My father was a good patriotic German who had fought on the western front in the First World War. He thought ‘this Nazi nonsense’ would not last long. Then one day in 1935, two gentlemen came to our house and took my parents away for interview. These men were Gestapo and I believe this was a red light to my parents, a warning to them that they had to get out of Germany. My father decided England would be the best place for us to go since he had a branch of his business there. So in 1936 I was sent away to a small preparatory boarding school in Bournemouth. My mother accompanied me on the journey. I was very unhappy at that school at first. I was so homesick, I did not speak English, and I was not prepared for boarding school life. I missed my family and I missed home. But thank goodness I learn quickly, and soon I could speak English. The next year, my father managed to get the whole family out and everyone came to England.
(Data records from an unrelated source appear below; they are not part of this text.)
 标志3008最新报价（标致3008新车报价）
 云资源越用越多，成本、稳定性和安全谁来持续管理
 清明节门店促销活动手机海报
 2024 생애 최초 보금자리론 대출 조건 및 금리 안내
In London my father developed his business, Sondal Glues which supplied glue for the Mosquito aircraft. It was hard for my parents to settle in London – they could not learn English as quickly as me and they had only friends among other émigrés. We stayed in London through the Battle of Britain and the blitz, sleeping in the corridors of the flats in Hornsey Lane because my parents said it was as safe as the tube station. Then the whole family lived in one room in Letchworth and every weekday I took the early morning train, the workman’s train, back to school in Hampstead where I was preparing my Higher Certificate.
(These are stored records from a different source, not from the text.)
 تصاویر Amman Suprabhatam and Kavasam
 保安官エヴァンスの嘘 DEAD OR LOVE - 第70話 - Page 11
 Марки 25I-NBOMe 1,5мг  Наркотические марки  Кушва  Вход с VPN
I did well in my exams and went up to Cambridge, taking the entrance exam in December 1941, just when Pearl Harbour happened and the US joined the war. I wanted to study chemistry but the director of studies said ‘no, the country needs physicists now and you are good at physics’. I got a first, passing my final exams in December 1943. Most other students I had been with were called up in the summer of 1942. Later I found out that they were sent to Canada to work on the atomic bomb project, but because I was not a British citizen I could not be allowed to do secret work. In fact, even though nobody could have been more against Hitler than us, we were classed as enemy aliens.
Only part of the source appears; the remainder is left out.